Forty-seven states have now legalized hemp, but only 11 have legalized marijuana. The other 36 may be in for a refresher course in the law of unintended consequences.
Hemp and recreational marijuana both come from the same plant species, cannabis sativa. The only thing that differentiates hemp and weed is the level of the intoxicating cannabinoid, THC. Under federal law and most state laws, hemp is defined as cannabis sativa containing less than 0.3 percent THC. In those states that have yet to legalize marijuana, hemp is thus legal, but THC-bearing weed is not.
But what police and prosecutors in those states are finding is that they can’t tell the difference between the two. Their field drug tests can detect cannabis sativa, but they can’t detect THC levels. Likewise, police drug dogs can sniff out cannabis, but can’t distinguish between hemp and marijuana.
And if they can’t prove the substance in question is illegal marijuana and not legal hemp, they don’t have a case.

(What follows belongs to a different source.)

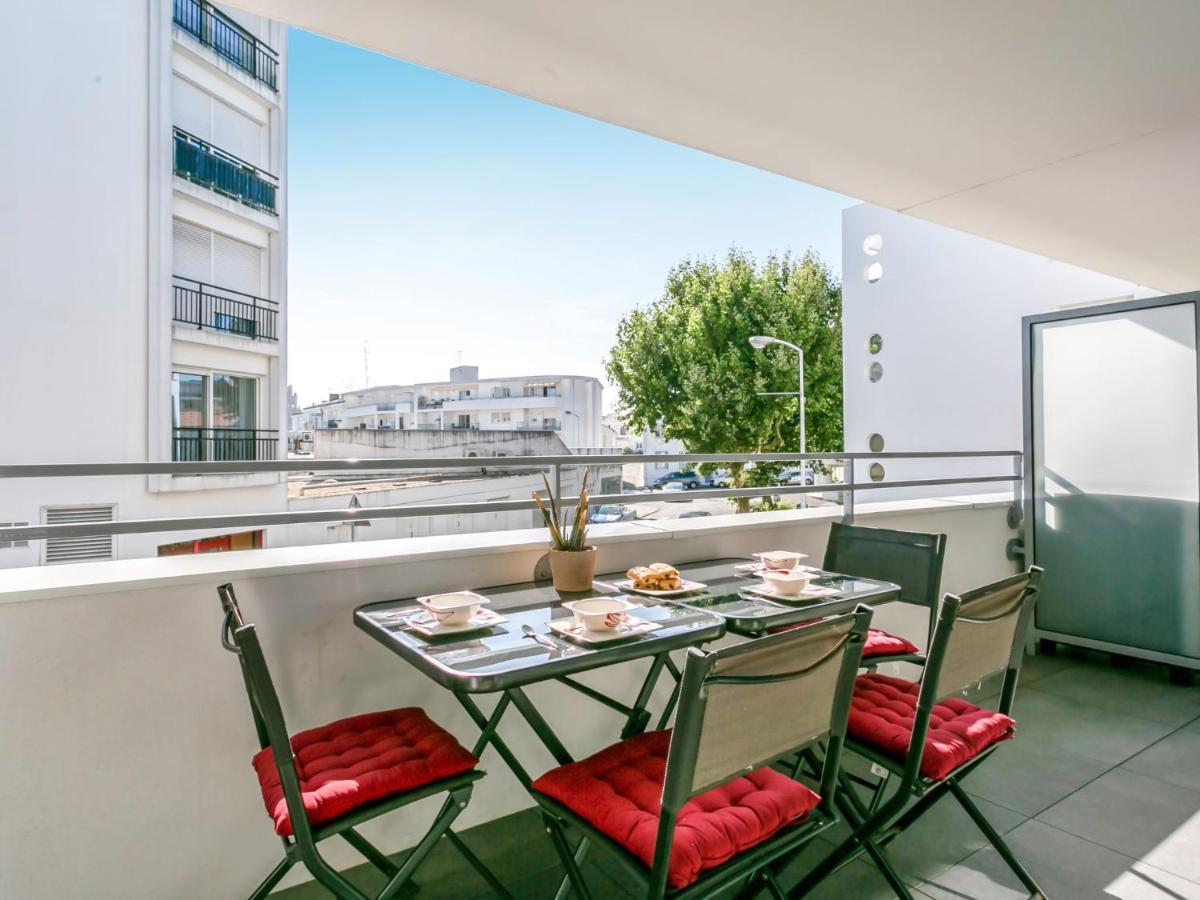 Rosalie By Interhome Apartment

Some state crime labs can test for THC levels, but those labs are busy, the tests are costly, and even police and prosecutors are questioning whether it’s worth tying up resources to try to nail someone for possessing a joint or two.
In Ohio, after the Bureau of Criminal Investigation (BCI) analyzed the state’s new hemp law, it sent an August 1 advisory to prosecutors warning that traditional tests could not differentiate between hemp and marijuana and that the agency was months away from “validating instrumental methods to meet this new legal requirement.”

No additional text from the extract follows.